Our study evaluated 90-day outcomes of patients treated preoperatively with glucagon-like peptide-1 receptor agonists (GLP-1) or bariatric surgery compared to no weight loss intervention prior to total hip arthroplasty (THA) and total knee arthroplasty (TKA). A multicenter institutional cohort of patients undergoing primary THA (n = 5710) and TKA (n = 6770) from 2023 to 2024 was identified. Preoperative weight-loss strategies included no intervention (89%), perioperative use of GLP-1 (10%), or prior bariatric surgery (1%). Ninety-day readmissions and reoperations were compared among groups. Subanalyses were performed stratifying obesity (body mass index) classification and diabetes mellitus status vs others to contextualize these independent risk factors. Among all patients undergoing THA and TKA, those who had undergone bariatric surgery experienced significantly higher reoperation rates at 90 days compared to those without intervention and GLP-1 groups (2.2 vs 0.5 vs 0.8%, respectively; P = .014).
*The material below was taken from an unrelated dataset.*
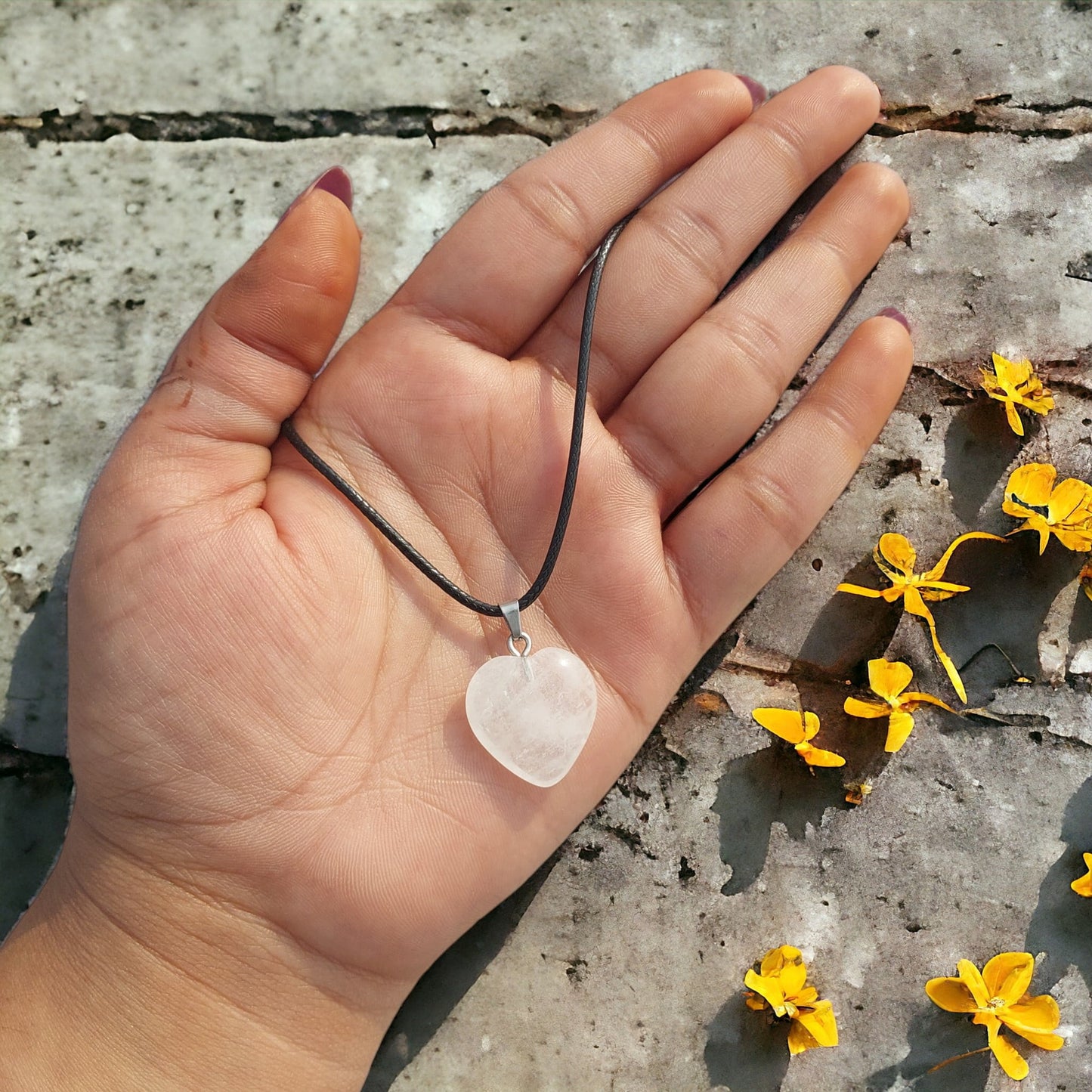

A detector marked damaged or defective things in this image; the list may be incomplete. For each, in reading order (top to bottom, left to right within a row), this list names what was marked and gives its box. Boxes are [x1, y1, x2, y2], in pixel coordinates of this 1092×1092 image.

crack in concrete [2, 103, 598, 146]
For THA, both the no intervention and GLP-1 groups had significantly lower readmission rates compared to the bariatric surgery group (4.4 vs 6.5 vs 8.8%, respectively; P = .04) and lower reoperation rates (0.4 vs 1.4 vs 2.2%; P = .006). For TKA, there were no significant differences in readmission (P ≥ .47) or reoperation rates (P ≥ .067) among the groups or by body mass index class and diabetes mellitus status. Compared to no weight loss intervention, patients utilizing perioperative GLP-1s demonstrated similar 90-day readmission and reoperation rates after primary THA and TKA. Those with prior bariatric surgery showed the greatest risk of readmission and reoperation, particularly after THA. IV, Retrospective Review.